Parmi les initiatives que nous avons prises en tant qu’intendant, une documentation bi-annuelle de nos travaux, grâce à la photographie aérienne, nous permet d’observer les changements environnementaux et d’établir un historique au fil des ans. Sur le site de Spiral Jetty dont nous sommes propriétaire depuis vingt ans, on peut ainsi constater des périodes de sécheresse et des périodes pendant lesquelles le niveau de l’eau est plus élevé. Depuis quatre ou cinq ans, le niveau de l’eau est très bas en raison d’une sécheresse extrême dans l’ouest américain ; grâce aux photographies, on peut constater les effets de cette sécheresse sur le site de Spiral Jetty. Les scientifiques avec lesquels nous travaillons utilisent Spiral Jetty comme source d’investigation : un micro site, un lieu statique où l’on peut observer ce changement. Et en fait, c’est tout à fait ce à quoi pensait Smithson : observer et suivre le changement de l’environnement et être un agent de ce changement.

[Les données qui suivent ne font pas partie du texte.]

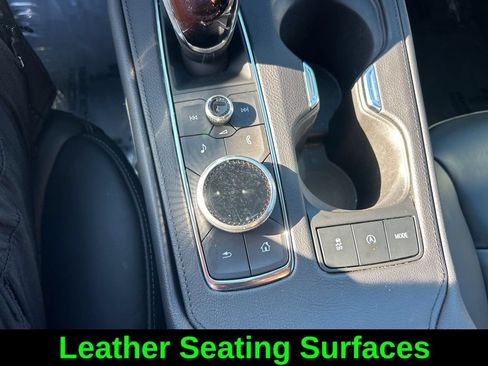 Used 2023 Cadillac XT4 Luxury w/ Cold Weather Package FWD image 42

Je ne sais pas, en revanche, s’il aurait pu imaginer la vitesse à laquelle ce changement s’est accéléré durant les dix ou vingt dernières années.

Comment ce type d’installation de land art peut-il contribuer au débat autour de la protection de l’environnement et du changement climatique d’une manière que d’autres contextes ne permettent pas ?
Nous ne voulons pas instrumentaliser le changement climatique pour faire parler des œuvres d’art dont nous sommes propriétaires. Mais parce que nous avons été propriétaires d’un grand nombre de sites artistiques et de ces œuvres de land art, nous comprenons la nécessité d’être soucieux d’un environnement qui change. Spiral Jetty et Sun Tunnels attirent des visiteurs vers des espaces extraordinaires. Ces œuvres permettent aux visiteurs de prendre conscience qu’ils font partie d’un environnement et qu’ils admirent une œuvre d’art au sein d’un paysage. Les visiteurs veulent protéger ce paysage. Nous réfléchissons à la façon la plus responsable de contribuer à une conversation sur l’environnement en nous basant sur notre rôle en tant qu’intendant de ces sites sur les quatre ou cinq décennies à venir.

Parmi les évènements que nous organisons autour de Sun Tunnels, nous proposons un symposium au mois de février. En plus de trois historiens d’art, nous avons invité un astronome qui parlera des structures mésolithiques qui suivent les changements des astres, un architecte qui travaille sur le design écologique, et un géologue spécialisé dans la région de Bonneville qui parlera des changements géologiques et expliquera pourquoi l’histoire du site et si importante pour Sun Tunnels. Nous espérons que cela fournira un contexte plus large pour Sun Tunnels en tant qu’œuvre de land art et permettra une réflexion quant à la relation de Holt à la terre et à la façon dont nous pouvons observer cette œuvre fantastique au sein de cet environnement. Cela s’inscrit dans notre approche de la conversation sur le développement durable et la protection de l’environnement sur tous nos sites de land art. Parallèlement à la science du changement climatique, nous voulons révéler les différentes façons—géologiques, astronomiques, architecturales—dont une structure agit sur un site et lui répond. C’est une approche qui peut sembler subtile, mais je pense que c’est vraiment important—il ne suffit pas de dire «  Elle a pensé à cet environnement, elle a choisi le site pour ces attributs-là », mais il s’agit de véritablement comprendre ce que sont ces attributs et leur importance, pas seulement pour cette œuvre d’art, mais pour l’histoire de la région, et par là-même de saisir l’importance, pour les américains et pour le reste du monde, de cette région et de cette histoire.